Benim memleketimde neden böyle bir zenginlik yok diye biraz kıskançlık, biraz imrenme, ülkem adına çok büyük bir gurur ve bu arifler meclisine davet edilmeninde yücelten onuruyla karmaşık duygulara büründüm.

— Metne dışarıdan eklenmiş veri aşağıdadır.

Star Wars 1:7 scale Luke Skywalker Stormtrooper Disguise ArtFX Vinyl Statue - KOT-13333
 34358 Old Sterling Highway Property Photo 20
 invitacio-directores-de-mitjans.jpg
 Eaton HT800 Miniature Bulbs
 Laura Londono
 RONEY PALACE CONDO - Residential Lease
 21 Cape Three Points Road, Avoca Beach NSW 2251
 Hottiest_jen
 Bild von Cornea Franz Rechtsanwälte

Anlatanın kendini geliştirdiği, dinleyen kendini yetiştirdiği bu arifler meclisinde kabul görmek, onların otağında, ocağında pişmek Dünyanın en yüksek diplomasını kazanmak demektir.
Bende herkes gibi Türk asaletinin, islam adaletinin, insani, insafi, ikrami ve irfani güzelliklerimizin bu kadar asil, bu kadar aziz, bu kadar yüce olduğunu Harput Kültür Derneğinde tadıyor, başkanı ve tüm emektarlarına gönüller dolusu dua, takdir ve hayranlıklarımı arzediyorum.